Transcribe, starting at the line with "пыльник ШРУСа BMW" and ending at the line with "vuole l'Europa come", every line of the material below exactly, but leave out the pictures and anything outside that span.

- _THE INPUT_:
Segment Open

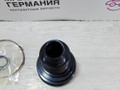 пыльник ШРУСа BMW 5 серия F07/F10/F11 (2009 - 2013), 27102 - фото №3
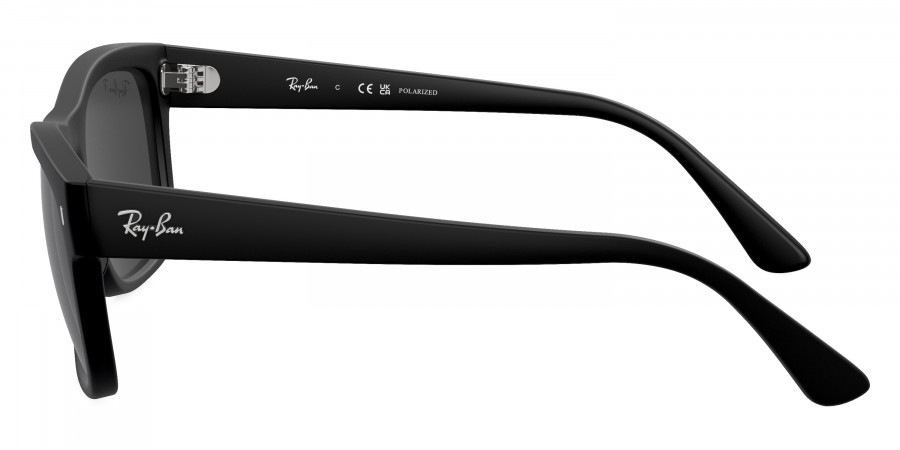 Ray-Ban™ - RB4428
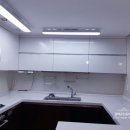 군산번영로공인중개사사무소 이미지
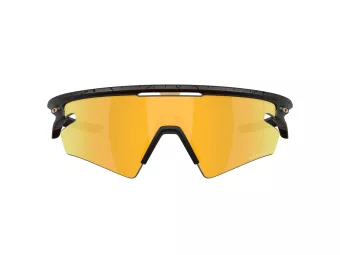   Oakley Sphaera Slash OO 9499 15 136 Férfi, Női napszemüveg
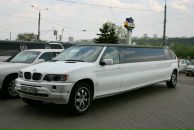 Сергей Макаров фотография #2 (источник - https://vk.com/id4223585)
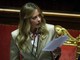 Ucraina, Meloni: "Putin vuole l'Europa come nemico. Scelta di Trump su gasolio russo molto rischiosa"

Segment Closed
Segment Open

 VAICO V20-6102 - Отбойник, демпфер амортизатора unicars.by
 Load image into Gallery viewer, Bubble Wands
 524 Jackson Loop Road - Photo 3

Segment Closed

- _RESPONSE_:
 пыльник ШРУСа BMW 5 серия F07/F10/F11 (2009 - 2013), 27102 - фото №3
 Ray-Ban™ - RB4428
 군산번영로공인중개사사무소 이미지
   Oakley Sphaera Slash OO 9499 15 136 Férfi, Női napszemüveg
 Сергей Макаров фотография #2 (источник - https://vk.com/id4223585)
 Ucraina, Meloni: "Putin vuole l'Europa come nemico. Scelta di Trump su gasolio russo molto rischiosa"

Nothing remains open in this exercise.